Friday, July 16, 2010

Carrots

If you want a fall crop of carrots, now is the time to get them going.  We aren't raising carrots this year, but one of our customers is.  Their raised bed is 6" deep with very hard, rocky soil below the bed.  Six inches of soil isn't deep enough for most varieties of carrots and they will become deformed if they tried to grow into the hard, rocky native soil.  To get more soil depth in the raised bed, we took a page from Mel Bartholomew's square foot gardening book.  We built a 2' x 2' bed out of an untreated 2'x8" board (see picture).  We then placed this small bed on top of the 6" of soil in the existing bed and filled it with an additional 6" of a compost/peat mixture.  This gives 12" of soil depth for the carrots to grow in.

Tips and Tricks:
  • We've had very good success with scattering the seed on the soil surface and then lightly raking the soil surface with our fingers.
  • Keep the seeds moist during germination, but don't flood the area lest you wash all the seeds into one area and get poor seed distribution.
  • Carrot seeds take 2-3 week to germinate, so don't get concerned when they aren't up as quickly as other seeds.
  • After the plants are 2" high, thin the plants until there is 1-2" of space around each plant.
  • Carrots really are fairly pest free, but in previous years we have experienced carrot rust fly maggots eating the roots, armyworms eating the foliage, and a box turtle chowing down on the foliage.  With the carrot rust fly maggots, we just harvested everything right then before they could do more damage.  We handpicked the armyworms off with good effect, but if it had become a major problem we would have also treated with Bacillus thuringiensis.  Since going to a doubly raised bed, box turtles haven't been a problem.
  • Carrots will taste the sweetest if harvested between the first light frost of the year and the first killing frost of the year (usually early October here).

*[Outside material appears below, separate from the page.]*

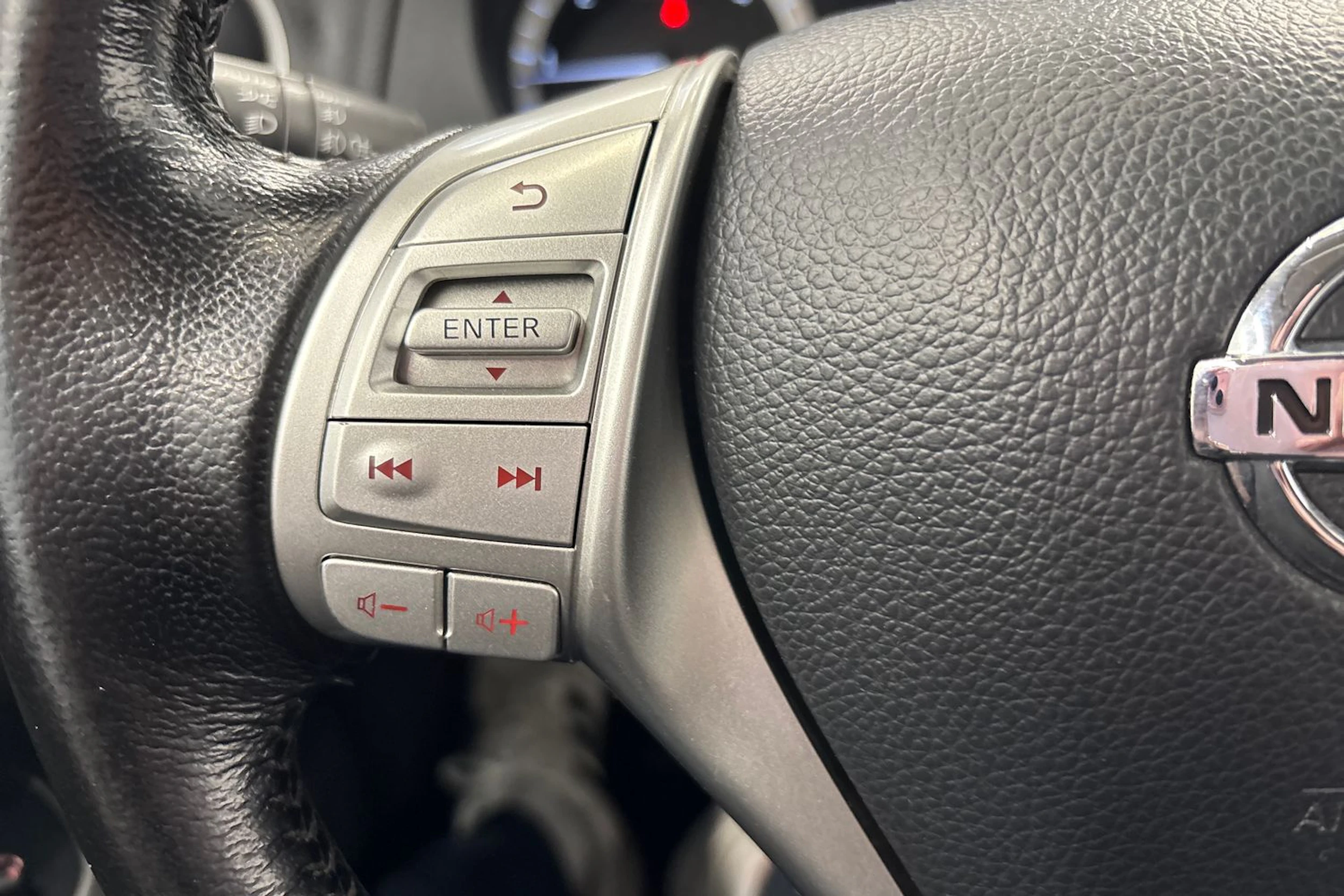 valkoinen Nissan Navara 2019 kuva 15.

  • One of the joys of home growing carrots is that they come in more than just the typical orange.  Yellow, red, purple, and white are also available.  Have fun with it!
Putting up the harvest:
  • Pull them up when the soil is dry and leave them in the sun for a couple of days to cure.  Clean the dirt off and cut the greenery back to an inch.  Make holes in ziptop plastic baggies and store the carrots in them in a dark drawer of the refrigerator.  They will keep up to two months this way.

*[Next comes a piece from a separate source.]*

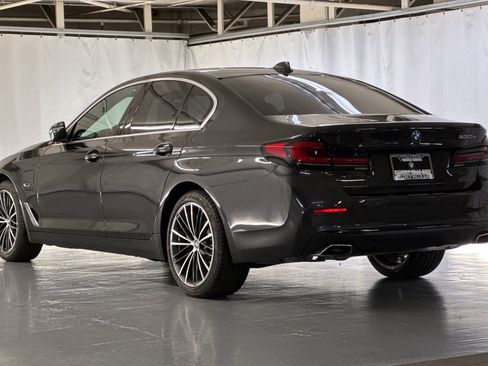 Used 2023 BMW 530e w/ Convenience Package image 3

  • A second option is to store them in the ground.  Mulch them heavily with straw before the first hard freeze.  Then as you need them, pull away the straw and harvest through the winter.  This may only work when the carrots are grown in ground.  We haven't tried this with the extra tall raised bed.  It may get cold enough in the winter to freeze the soil in this exposed bed, and if so the carrots will be mush.